冒頭のような背景の中、イギリスおよびタイの大学は、呼吸器症状の精査のために高次診療施設を訪れた犬130匹以上を対象にして、彼らの診療記録を解析する研究を行った。
すると、以下に示す事項が明らかになったという。
◆犬の呼吸器の各検査から得られる所見の関連性◆
・91%の症例において①細胞診、88%において②気管支鏡検査、80%において③CT検査、25%において④細菌培養試験で異常が検出された
・③の気管支病変(オッズ比2.6倍)および①で見られた好中球主体の所見(オッズ比4.5倍)は、咳と関連していた
・②で証明された異物の存在は、③の肺硬化病変(オッズ比8倍)および④の陽性結果(オッズ比10.9倍)と関連していた
・③で異常が認められなかった症例の89%で①、77%で②、23%で④から異常所見が得られた
上記のことから、呼吸器症状や各臨床検査所見は関連している場合があることが窺える。

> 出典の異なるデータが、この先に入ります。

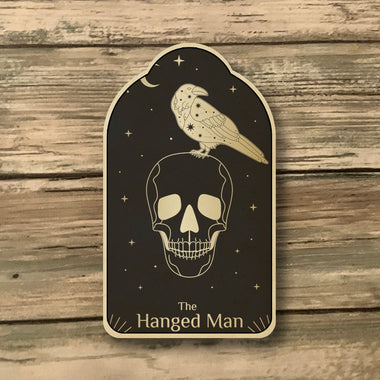 Hanged Man Tarot Card Magnet - UV-Printed 3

よって、咳をしている症例では①③を優先的に検討し、④が陽性の症例では異物の有無を確認することが望ましいと考えられる。また、「例え①②④で異常が認めれてもCT検査で必ずしも異常が検出できないこと」について、充分なインフォームド・コンセントを行うことが大切だと思われる。

X線検査と、臨床症状や①~④の関連性も調べていくと、新たな見解が得られるかも知れません。